(Image Credit: Francesco D’Andria)
Archaeologists on a dig site in Turkey have found the guardians of the ‘Gate To Hell’ – two unique marble statues which once acted as a warning of a deadly cave in the ancient Phrygian city of Hierapolis, near Pamukkale.
Famously known as ‘Pluto’s Gate’, or Ploutonion in Greek, and Plutonium in Latin, the cave was believed to be a portal to the underworld in ancient Greco-Roman mythology. Francesco D’Andria, professor of classic archaeology at the University of Salento led the team which discovered the cave in March this year.
“The statues represent two mythological creatures,” D’Andria told Discovery News. “One depicts a snake, a clear symbol of the underworld, the other shows Kerberos, or Cerberus, the three-headed watchdog of hell in the Greek mythology.”
The snake statue is coiled onto itself looking threatening to trespassers who dare enter the cave, and the 4 foot tall Kerberos/Cerberus statue represents a Kangal, an Anatolian shepherd dog. The two statues were found by archaeologists as they excavated the area further in March, and it also included an inscription dedicated to Pluto and Kore – the Gods of the Underworld.

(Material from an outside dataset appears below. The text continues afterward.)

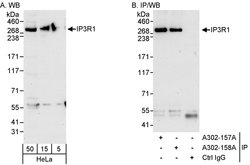 IP3R1 Rabbit anti-Human, Mouse, Polyclonal, Bethyl Laboratories 100 &mu;l;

Further study of the cave revealed the truth to the original mythology, where Strabo states:
“This space is full of a vapor so misty and dense that one can scarcely see the ground. Any animal that passes inside meets instant death,” the Greek geographer Strabo (64-63 B.C. to about 24 A.D.) wrote about the site.
“I threw in sparrows and they immediately breathed their last and fell,” he added.
During the excavation, Strabo’s account was confirmed, as they found several dead insects and birds, instantly being killed by carbon dioxide fumes.